The software industry is awful at conserving code and approaches through the every-five-years total redo of programming languages and frameworks. Or less for Javascript.

That churn also means optimization from hardware --> program execution doesn't happen. Instead we plow through layers upon layers of both conceptual abstraction layers and actual software execution barriers.

Also, why the hell are standardized libraries more ... standardized? I get lots of languages are different in mechanics and syntax... But a standardized library set could be optimized behind the interface repetitively, be optimized at the hw/software level, etc.

Why do ruby, python, javascript, c#, java, rust, C++, etc etc etc etc etc not have evolved to an efficient underpinning and common design? Linux, windows, android, and iOS need to converge on this too. It would be less wasted space in memory, less wasted space in OS complexity, less wasted space in app complexity and size. I guess ARM/Intel/AMD would also need to get in the game to optimize down to chip level.

Maybe that's what he means with "DSLs", but to me "DSLs" are an order of magnitude more complex in infrastructure and coordination if we are talking about dedicated hardware for dedicated processing tasks while still having general task ability. DSLs just seem to constrain too much freedom.

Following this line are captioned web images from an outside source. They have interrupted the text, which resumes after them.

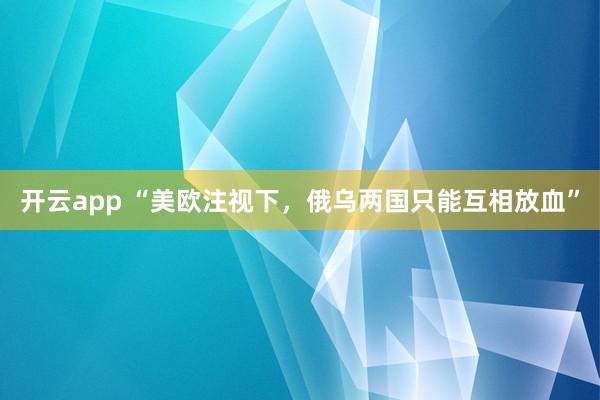 开云app “美欧注视下，俄乌两国只能互相放血”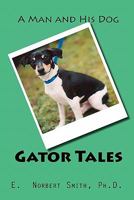 Gator Tales: A Man and His Dog 1456582666 Book Cover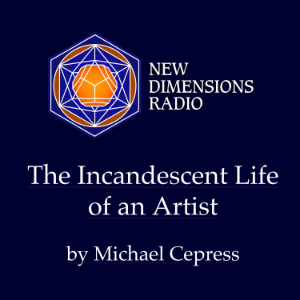 The Incandescent Life of an Artist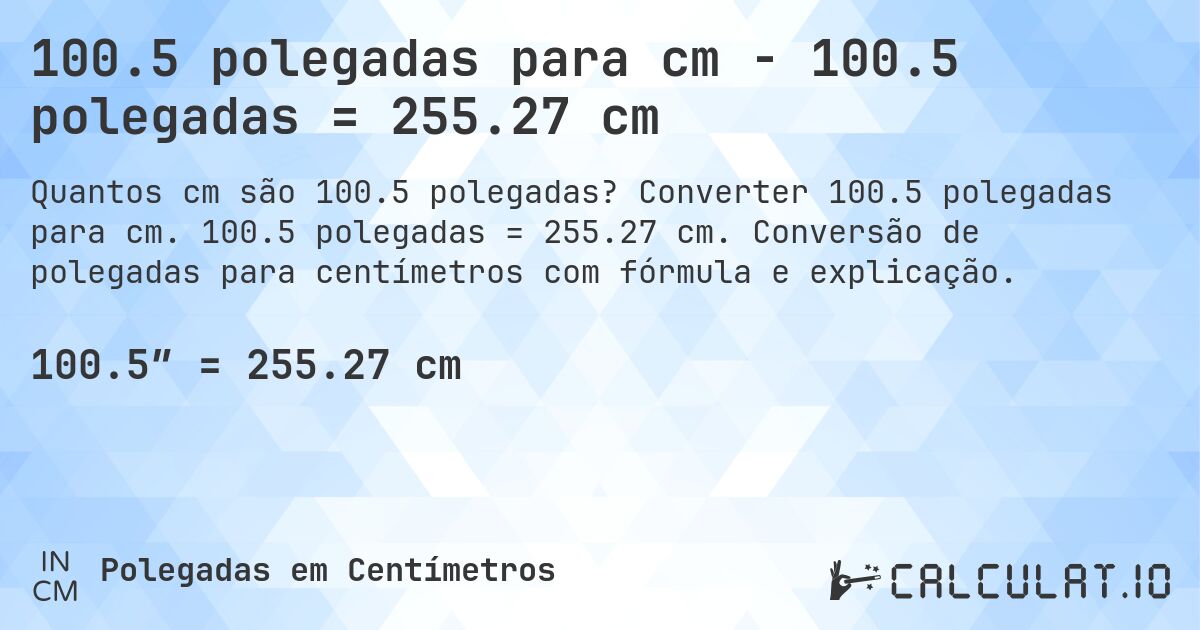 100.5 polegadas para cm - 100.5 polegadas = 255.27 cm. Converter 100.5 polegadas para cm. 100.5 polegadas = 255.27 cm. Conversão de polegadas para centímetros com fórmula e explicação.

[+] wayoutthere|6 years ago|reply
Correct me if I'm wrong, but isn't this exactly the problem LLVM was designed to tackle?
[+] omarhaneef|6 years ago|reply
For those who have not looked yet: John Hennessey presentation. Argues -- with a lot of detail -- that Moore's law has closed out, that energy efficiency is the next key metric, and that specialized hardware (like TPU) might be the future.

When I buy a machine, I am now perfectly happy buying an old CPU, and I think this shows you why. You can buy something from as far back as 2012, and you're okay.

However, I do look for fast memory. SSDs at least, and I wish he had added a slide about the drop in memory speed. Am I at inflection?

Perhaps the future is: you buy an old laptop with specs like today and then you buy one additional piece of hardware (TPU, ASIC, Graphics for gaming etc).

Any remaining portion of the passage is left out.